I mix up a carton of egg substitute,

a can of mushrooms (I'm sure you could use fresh ones, I just have a hard time keeping the fresh if I don't get to it right away),

~half a medium onion(63 grams),

~half a medium-large sweet pepper (72 grams),

5 slices of extra lean ham cut up into small pieces,

1 ounce of cheddar,

1 ounce of lowfat mozerella (I get mozerella fresca from the deli section, they come in tiny little balls so I don't have to shred anything) 

Mix all that up in a bowl,

spray a 9 x 9 inch baking dish  sprayed with cooking spray

chop up about half a roma tomato and sprinkle that on top.

bake it a 350 for ~50 minutes

Let it cool and turn it out onto a cutting board,

quarter it and freeze it (you can either put them in sandwich bags, or wrap them up in saranwrap before you freeze them.  If you have the room, putting them on a small sheet pan and covering them with saranwrap until they freeze works too and it save on the plastic trash)  If you don't have something like a Food Saver, the sandwich bags are probably your best bet. 

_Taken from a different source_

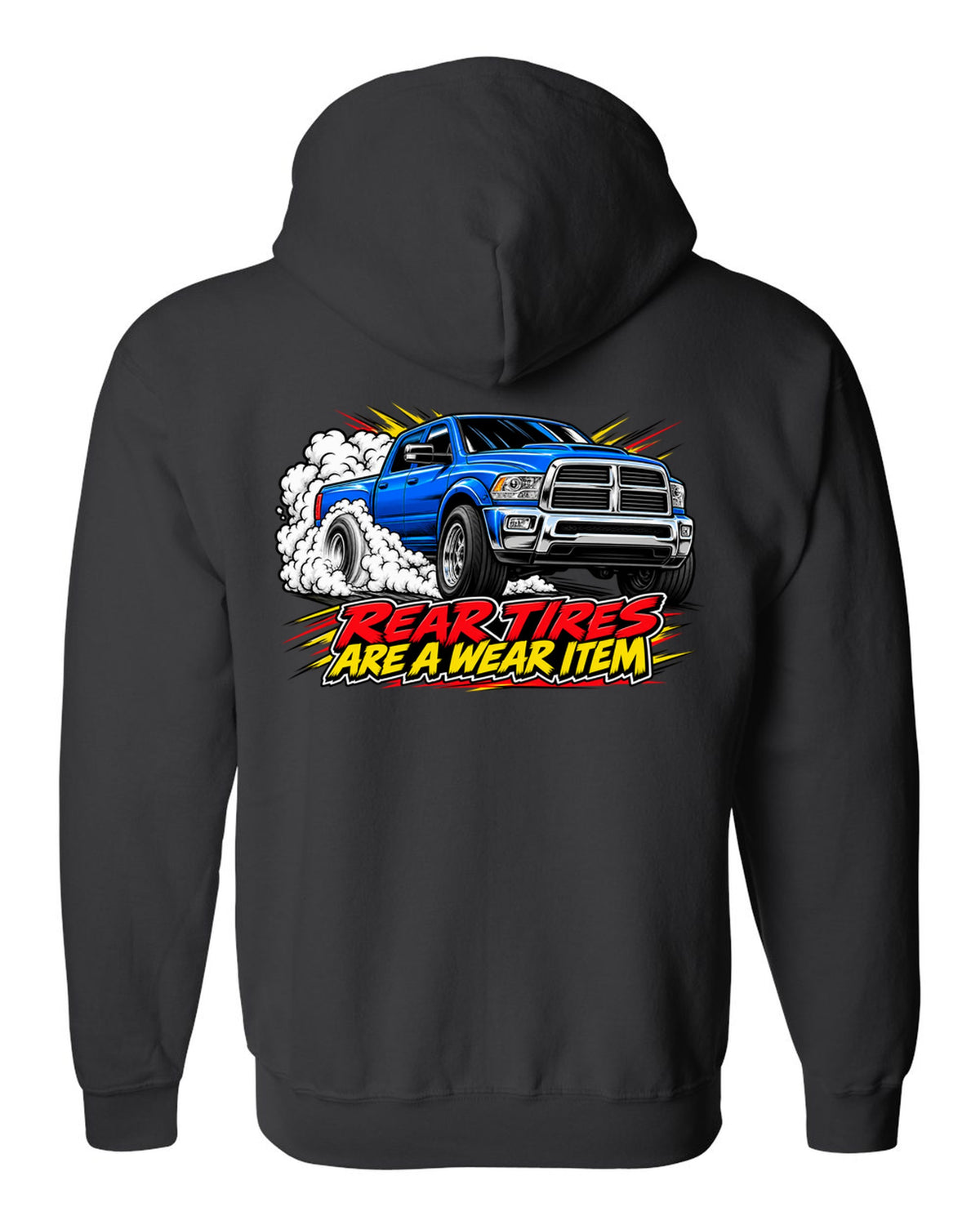 Comic ink burnout print of a 2003-2009 Dodge Ram 2500 5.9 Cummins HO black zip hoodie back view with the design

I normal take them out the day before I'm going to use them, so they're thawed, but I would guess you could take them straight fromt the freezer.  I haven't tried that though.  When they're thawed, it takes 2 minutes on high in the microwave to reheat them.

They travel well, mom makes breakfast sandwiches out of them at work.

 

with the omeletts don't they get watery when you heat them up? that always happens to me and it gets me super skieved out and i just wind up throwing it out.